Small synthetic peptides corresponding to CTLs epitopes have been shown to be highly effective for the induction of strong, protective CTL-mediated immunity against infectious virus in a murine model [45]. SSp-1, which is a 9-mer peptide, present in the C-terminal S2 domain of S protein of SARS-CoV, is also known to induce strong CTLs activity, and is regarded as a candidate for vaccine development [26], [27], [28]. It was also reported that N protein of infectious bronchitis virus (IBV) and mouse hepatitis virus (MHV), which belongs to Coronaviridae, were a major target for the CTL memory response [46], [47]. Thus, NP-7 derived from N protein of FIPV KU-2 strain may be useful to elicit cellular immune response and be potential candidates for peptide-based vaccine development to prevent both type I and type II FIPV infection.
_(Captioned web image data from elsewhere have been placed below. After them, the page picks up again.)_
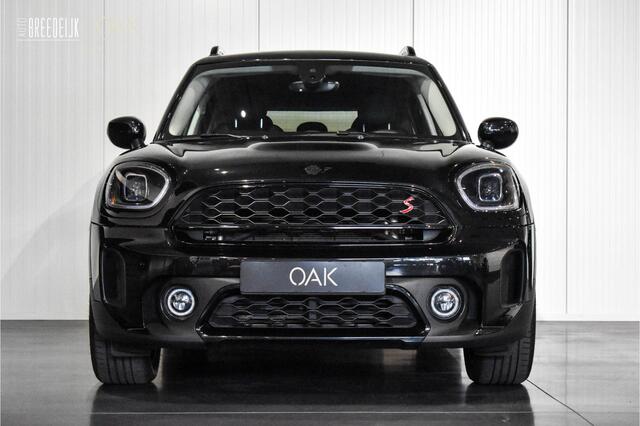Mini COUNTRYMAN Cooper SE Hybrid ALL4 Classic | Navigatie | Leder | LED | 18"LM | Camera | NL Auto | Midnight Black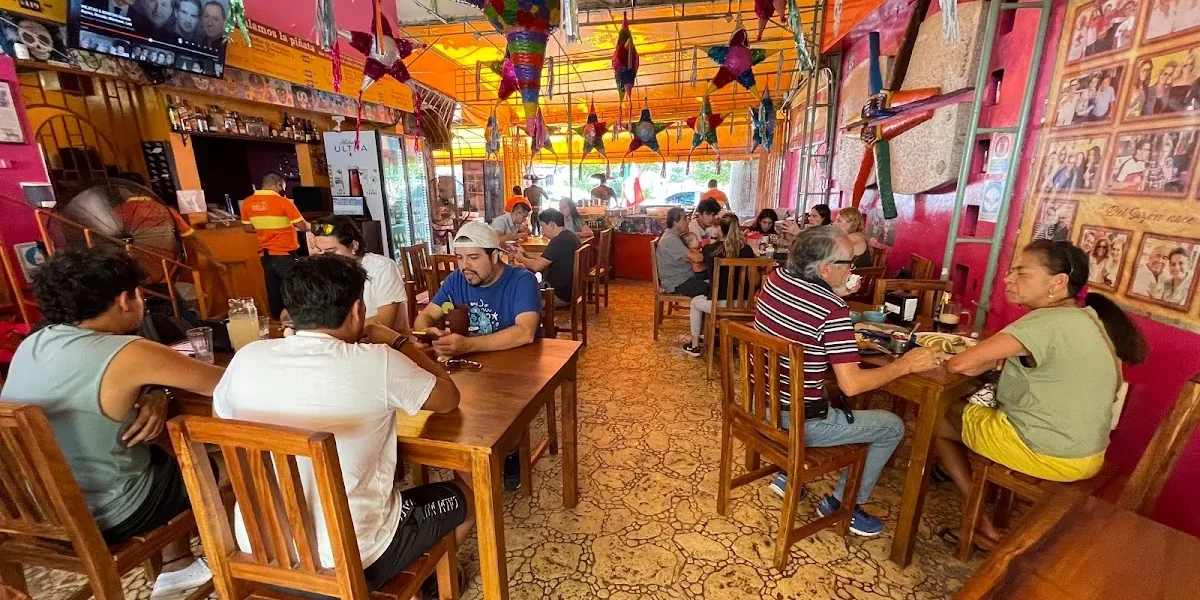La Fonda de las Piñatas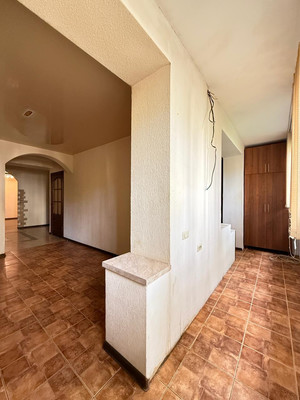 Продам многокомнатную квартиру, Кирова ул, 1ка, Нальчик г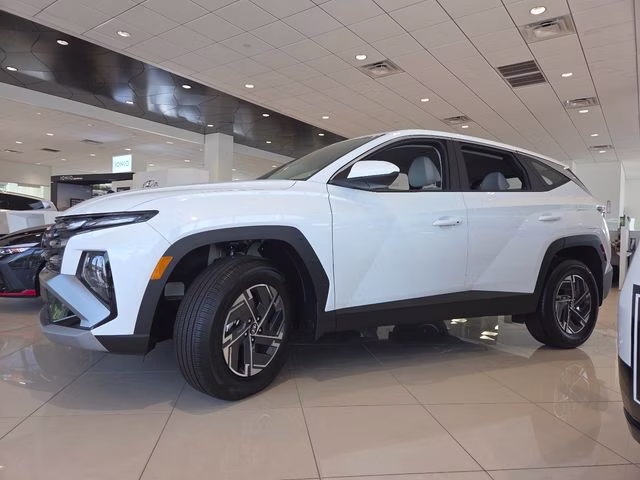 2026 Creamy White Pearl Hyundai Tucson Hybrid Blue SE AWD SUV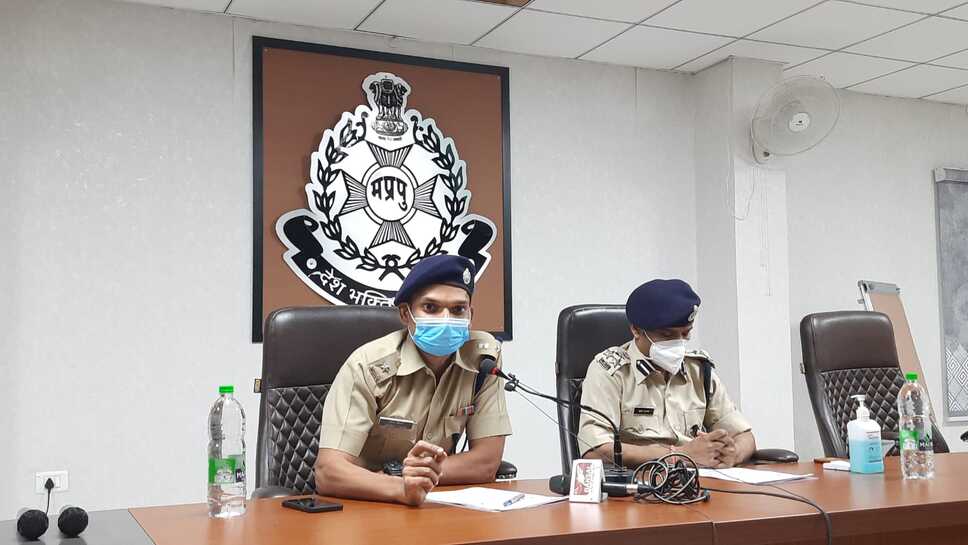 SP Press Conference : तिहरे हत्याकाण्ड में एक महिला समेत कुछ छ: आरोपी गिरफ्तार,जमीन विवाद के चलते काका ने ही कर दी भतीजे व उसके बेटों की हत्या (देखिए लाइव विडीयो)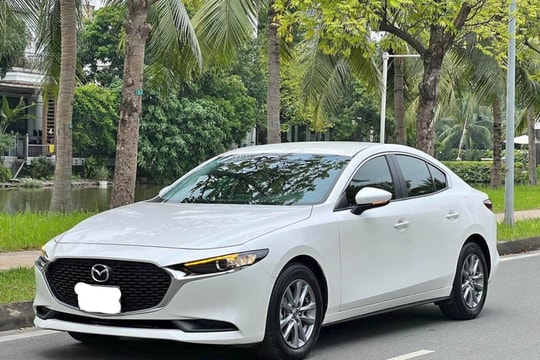 Thị trường sedan cỡ C có dấu hiệu lạ, một cái tên gần như 'ôm trọn' thị phần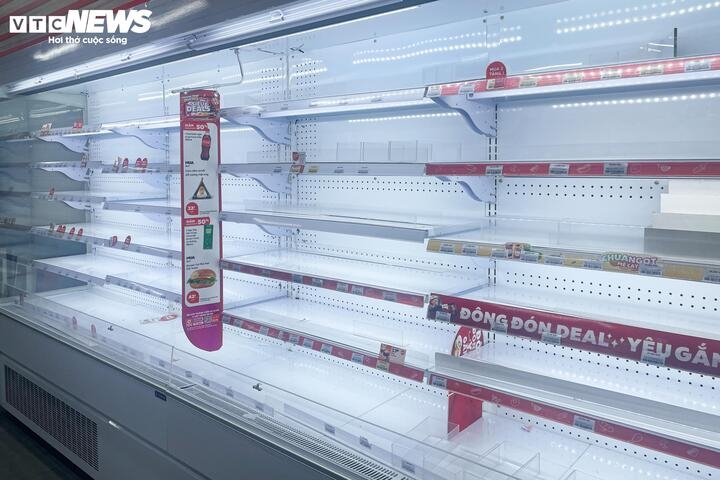 Một cửa hàng tiện lợi tại quận Tây Hồ vẫn trống trơn và bắt đầu nhập hàng từ hôm nay.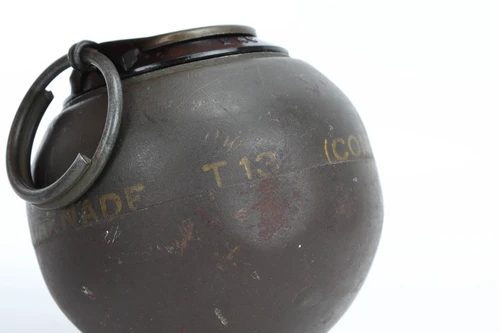Rare WWII O.S.S. T-13 "Beano" Grenade - Inert - photo 2 of 11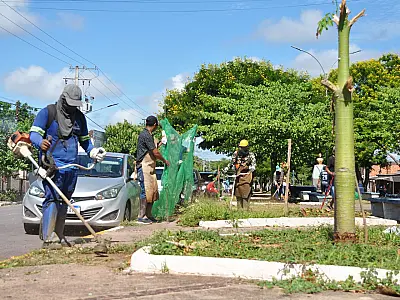 Mutirão de limpeza avança e chega ao centro de Ladário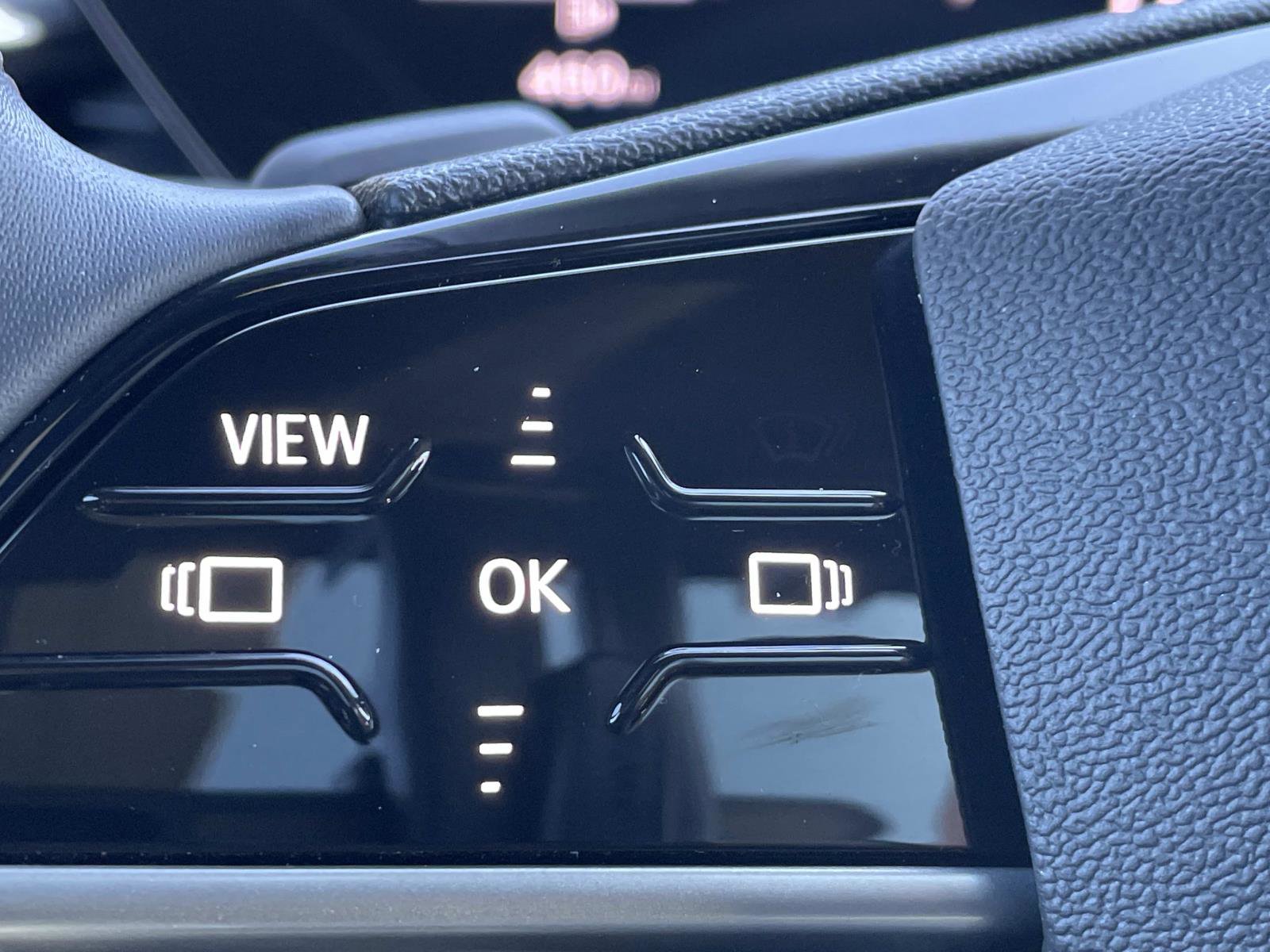 Used 2025 Audi Q5 Premium w/ Convenience Package image 23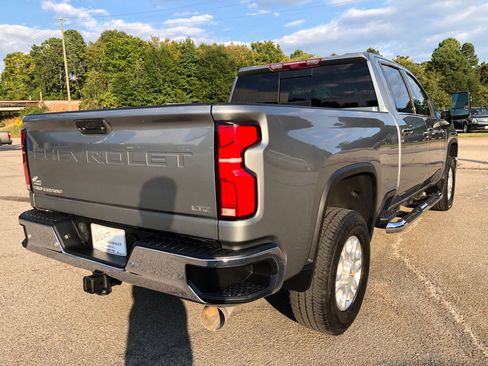 Used 2024 Chevrolet Silverado 2500 LTZ w/ LTZ Premium Package image 6
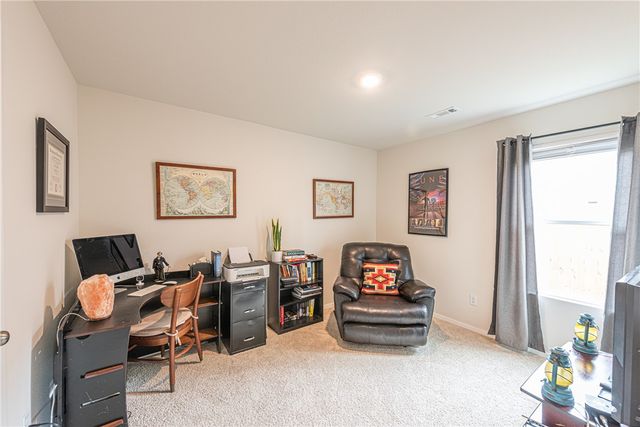 2420 E Illinois Alley, Fayetteville, AR 72701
In conclusion, we identified Th1 and linear immunodominant antibody-binding epitopes in the S2 domain and the N protein of FIPV. Th1 and linear immunodominant antibody-binding epitopes were located at different positions in both the S2 domain and the N protein. Peptide NP-7 derived from the N protein of FIPV KU-2 strain specifically and significantly induced CD8+fIFN-γ+ cells in PBMCs from FIPV-infected non-FIP cats. Our results may provide important information for the development of peptide-based vaccine against FIPV infection.